A leading commentator has expressed scepticism over the objectives of the Electricity (Amendment) Bill 2014 and doubted its capacity to instil intended competition in the power sector. The most important changes proposed relate to restructuring of the distribution wing, according to P Parameswaran, former member (technical), Kerala State Electricity Regulatory Commission.
Parameswaran has also been a former State electricity ombudsman, Kerala, and former chief engineer (system operation), Kerala State Electricity Board.
The distribution wing has two main components. One is the network business: building, operating and maintaining the network of the required capacity including providing connectivity to the needed.
The second is the supply business: contracting power from the generating companies or traders to meet demand, transferring to required delivery points and meeting the dynamic demand, metering, and billing.
These two have often been referred to as 'carriage' and 'content' functions respectively. Amendments to the existing Electricity Act, 2003, propose to segregate the carriage (distribution) from content (supply).
This is sought to be done by introducing multiple supply licensees based on market principles while persisting with carriage as a regulated activity.
Proponents of the amendments aim to inject the dynamics of the free market to this 'weakest link' of the power sector through restructuring.

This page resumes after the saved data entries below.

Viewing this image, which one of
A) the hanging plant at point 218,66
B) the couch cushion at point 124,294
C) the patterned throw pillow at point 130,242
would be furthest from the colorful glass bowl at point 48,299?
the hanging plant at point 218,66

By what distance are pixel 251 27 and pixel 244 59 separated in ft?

But experts do not generally advocate the segregation of carriage and content in such a hasty fashion.
Scandinavian and California models are sought to be copied without considering the realities of this country and its economy.
"One will be excused for criticising the 'second generation' of reforms in the sector as untimely and dangerously immature. Some people believe that at best it can be termed as a prescription for chaos," Parameswaran said.
The very prospect of allowing market forces into the sector, as is intended, is challenging given the unique features about electricity – it can be transmitted only through wire and cannot be stored.
Reforms culminating in the Electricity Act 2003 have failed to impress observers since the country has not been able to hold a healthy debated on their impact on the sector.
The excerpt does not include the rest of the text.